Light On, Light Off

Over the last two weeks, I’ve had leg pain. I call the doctor, and I ask for something that won’t make me walk into walls during the day. We spend time on the phone, and she comes up with a pill. Great. I take the pill before I go to sleep and wait for an hour for it to kick in to working mode. Since it says I can take three pills per day, I do so in the middle of the night. I’ll sleep it off. RIIIIGHT.
I spent my Saturday fighting sleep—with no caffeine in the house. I now believe that there isn’t a painkiller that won’t make you dopey. It’s the nature of the pill, and what it needs to dull. Endure the pain and stay awake. Take the pill and let the body heal. But you’ll have to sleep it off at night and deal with pain during the day. So, I must listen to the pain during the waking hours.
I can take pain, but this time it made me cry as I walked on my leg, and this time I didn’t like what I heard. It was a cry of an animal in pain. It scared me to hear it. That is why I phoned the doctor. The physio says it’s neurological. She’s entitled to her opinion. I’m entitled to my thoughts: it hurts and I want the pain gone. I also want to know why the other leg is acting up, and the physio is most likely correct about why my right leg is hurting.
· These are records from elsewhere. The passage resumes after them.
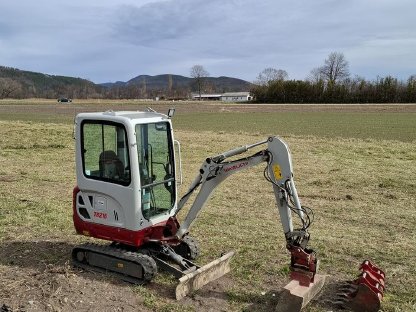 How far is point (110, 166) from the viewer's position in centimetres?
726

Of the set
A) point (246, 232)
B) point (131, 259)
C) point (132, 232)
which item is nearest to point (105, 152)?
point (132, 232)

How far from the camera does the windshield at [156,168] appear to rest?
7.10m

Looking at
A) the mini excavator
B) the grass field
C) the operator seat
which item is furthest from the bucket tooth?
the operator seat

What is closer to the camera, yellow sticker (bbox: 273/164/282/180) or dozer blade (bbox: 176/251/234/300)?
yellow sticker (bbox: 273/164/282/180)

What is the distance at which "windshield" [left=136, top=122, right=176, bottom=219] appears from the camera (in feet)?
23.3

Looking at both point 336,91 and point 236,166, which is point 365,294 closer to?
point 236,166

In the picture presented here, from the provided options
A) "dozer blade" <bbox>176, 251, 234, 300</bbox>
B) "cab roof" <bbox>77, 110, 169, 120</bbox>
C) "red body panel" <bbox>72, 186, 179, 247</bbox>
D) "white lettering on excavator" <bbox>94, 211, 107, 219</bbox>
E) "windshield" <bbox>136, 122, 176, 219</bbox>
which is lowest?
"dozer blade" <bbox>176, 251, 234, 300</bbox>

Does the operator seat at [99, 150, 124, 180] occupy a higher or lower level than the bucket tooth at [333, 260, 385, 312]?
higher

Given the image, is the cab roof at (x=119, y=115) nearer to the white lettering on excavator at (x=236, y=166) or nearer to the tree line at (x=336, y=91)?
the white lettering on excavator at (x=236, y=166)

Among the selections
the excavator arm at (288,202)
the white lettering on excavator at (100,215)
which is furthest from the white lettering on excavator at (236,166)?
the white lettering on excavator at (100,215)

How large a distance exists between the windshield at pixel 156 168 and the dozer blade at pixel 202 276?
45.7 inches

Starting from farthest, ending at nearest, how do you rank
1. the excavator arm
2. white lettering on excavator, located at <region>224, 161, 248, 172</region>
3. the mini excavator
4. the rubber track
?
the rubber track
the mini excavator
white lettering on excavator, located at <region>224, 161, 248, 172</region>
the excavator arm

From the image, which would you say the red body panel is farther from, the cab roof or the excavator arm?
the excavator arm

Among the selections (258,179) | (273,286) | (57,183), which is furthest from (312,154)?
(273,286)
While pain can serve the function of letting us know that the body is in need of rest and care, it also lets us know we’re injured. Pain is nature’s message to us that we need to listen to our bodies. Pain also takes time to recover from. In Western society we aren’t good at listening to our bodies. We push them, abuse them, and, ultimately, and many times when it’s too late, pay attention to impending doom. And yet it is the same with mental pain. It is also a signal that something is wrong, and we need to listen and get help for the pain. That’s my job: to help you through the mental pain.
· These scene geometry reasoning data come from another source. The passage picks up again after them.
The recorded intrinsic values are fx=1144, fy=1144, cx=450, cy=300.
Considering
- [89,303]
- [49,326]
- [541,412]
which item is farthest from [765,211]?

The body amazes me, and baffles me. I’m amazed that this thing I dwell within is complex and functional, and that it for the most part allows us to move and do things for ourselves from a young age. We’re the only creations that must be cared for during the first years of our lives. We have no instincts that kick in to tell us what is safe and not safe. Parents are supposed to do that. We’re born helpless, and we’ll die and go out helpless. I say this about death because we can’t control our deaths, and thus can’t control the process: we’re helpless.
The body baffles me because of its complexity and how things function. When things go wrong, we try to fix them. I marvel at the brainpower at Utrecht’s UMC. Every time I set foot in that place and I head to the right to all the outpatient clinics I must access, I understand that the physicians in those clinics are full professors and researchers. They are curious souls who want to know everything they can about a particular part of the human body. While something might baffle them, their response is to research about it. A statement of “we don’t know” means that they don’t have a legitimate answer for me. They keep plugging away at the questions that need answers.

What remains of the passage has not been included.